RC Circuit Time Constant Calculator

What Is the RC Time Constant? An RC circuit consists of a resistor (R) and a capacitor (C) in series. The time constant τ (tau) = R × C. τ has units of seconds when R is in ohms (Ω) and C is in farads (F). The time constant determines how quickly the capacitor charges or discharges.

Charging (capacitor starts empty) Voltage across capacitor: V(t) = V_supply × (1 − e^(−t/τ)) At t = τ: V = 63.2% of supply voltage At t = 2τ: V = 86.5% At t = 3τ: V = 95.0% At t = 5τ: V = 99.3% (considered “fully charged” in practice) The capacitor never reaches 100% mathematically — it approaches asymptotically.

Discharging (capacitor starts fully charged) Voltage across capacitor: V(t) = V₀ × e^(−t/τ) At t = τ: V = 36.8% of initial voltage At t = 2τ: V = 13.5% At t = 5τ: V = 0.67% (considered “fully discharged”)
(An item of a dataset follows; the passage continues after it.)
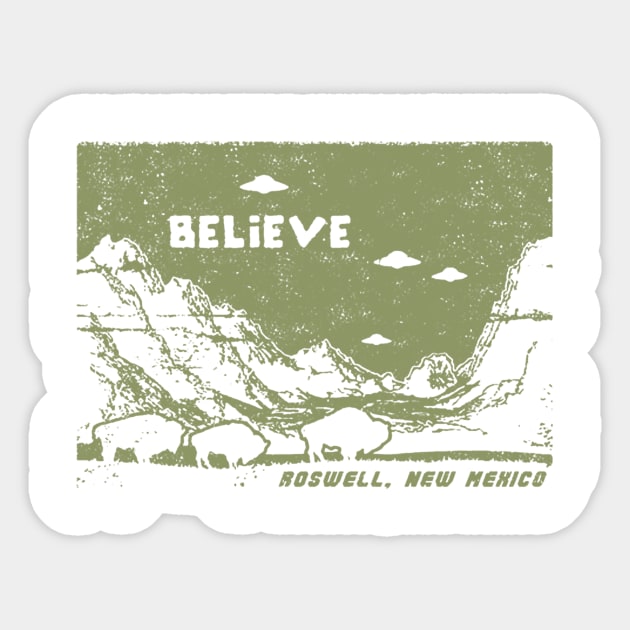 Believe Roswell UFO Sticker by Kimber27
Why e (Euler’s Number)? The exponential function e^(−t/τ) emerges from the differential equation governing the circuit: C × dV/dt + V/R = V_supply This is a first-order linear ODE — its solution always involves e ≈ 2.71828. This makes RC circuits the simplest example of exponential decay in engineering.

RC Filters An RC circuit also acts as a frequency filter. Low-pass filter (output across capacitor): passes low frequencies, blocks high frequencies. High-pass filter (output across resistor): passes high frequencies, blocks low frequencies. Cutoff frequency: f_c = 1/(2πRC) Hz At f_c, the output voltage is reduced to 70.7% (−3 dB) of the input. This is the fundamental building block of audio equalizers, anti-aliasing filters, and power supply smoothing.

Common Applications Power supply smoothing: C smooths ripple from rectified AC (large C → more smoothing). Debouncing: RC circuit ignores brief switch contact bounce. Signal integration/differentiation: RC circuits approximate these mathematical operations. Timing circuits: 555 timer IC uses RC time constant to set pulse width. Flash photography: capacitor stores energy, discharges instantly through flash tube.

Practical Notes Capacitor values: pF (10⁻¹² F), nF (10⁻⁹ F), µF (10⁻⁶ F), mF (10⁻³ F), F. Resistor values: Ω, kΩ (10³), MΩ (10⁶). 1 µF + 1 kΩ: τ = 10⁻⁶ × 10³ = 10⁻³ s = 1 ms. Common in audio circuits. 1 µF + 1 MΩ: τ = 10⁻⁶ × 10⁶ = 1 s. Common in timing circuits.